So I haven't been blogging for a while. I have no real excuses, plenty has happened, I just haven't felt inclined to. I could spend my life drifting from blog to blog just reading what other people have going on, what they think of things, what makes them laugh, what they deem important enough to share with the world...
It's actually pretty scary. And amazing. All these lives just bared to the masses. Of course some of them are not personal at all and are just a place to go and smile at, but some offer insightful...um...insights into other lives.
I don't tend to share much personal stuff on my blog.
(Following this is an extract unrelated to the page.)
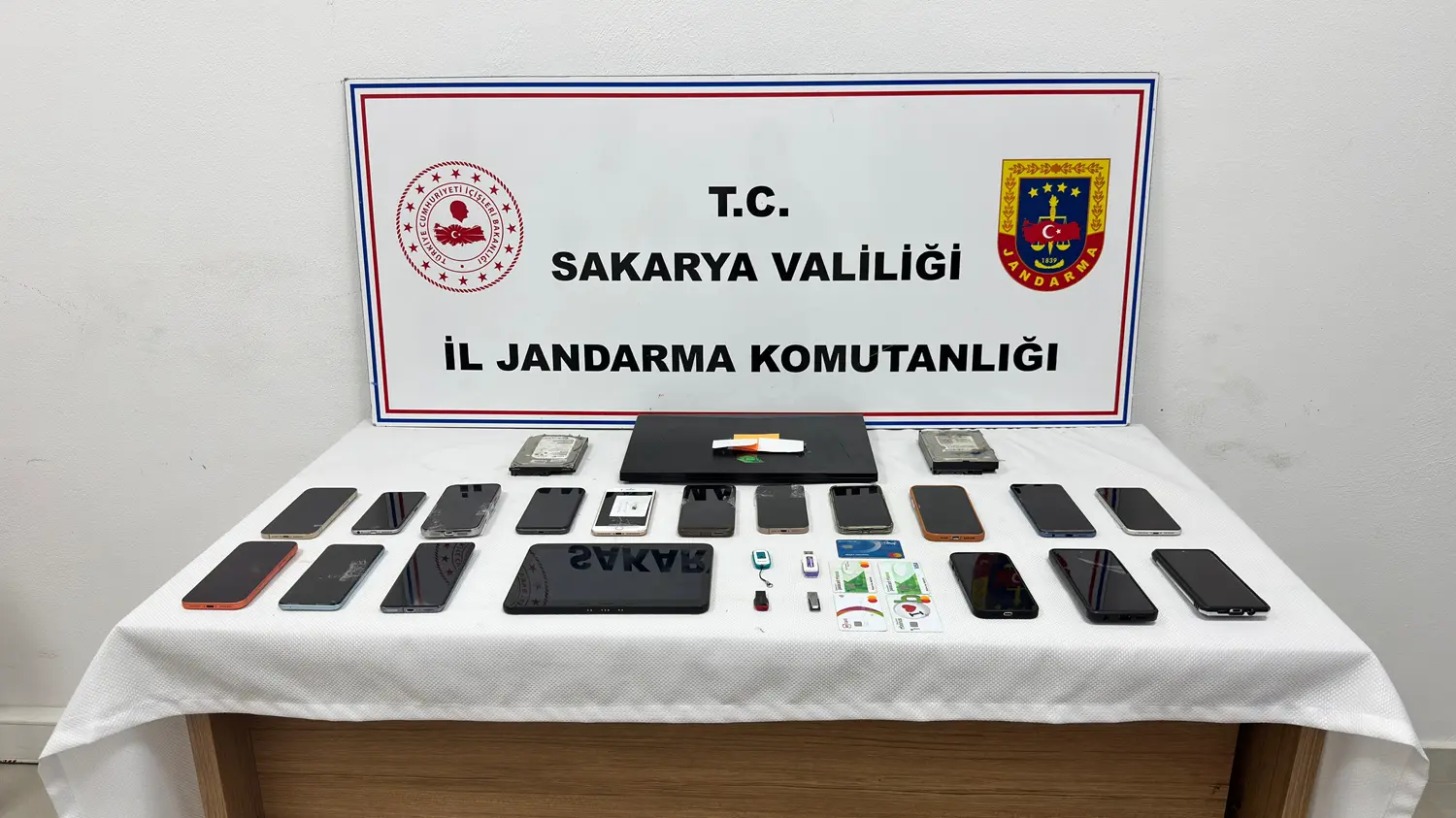 3 ile eş zamanlı 'suç örgütü' operasyonu: Çok sayıda zanlı tutuklandı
I think I might start to mix some in.
I quit my job last month. I hadn't been in since June anyway. Signed off with depression. I know, I know, sounds like everyone else in blogland. Depression and mental illness are two of the most common post tags (so they won't be tagged on to this post!). I don't know what was wrong. I still don't feel right. I feel better, but not right.
I have had two sets of blood tests to rule out physical causes. I have been offered pills, which I declined cos I am apparently prejudiced and am scared of the stigma. Actually that's not true. I declined cos I don't think I need them.
I'm not sure why I corrected myself instead of deleting the original bit. Maybe to show my state of mind.
I have been referred to a counselling service. The NHS one. I'm still waiting for an appointment. Good job I'm not suicidal, eh?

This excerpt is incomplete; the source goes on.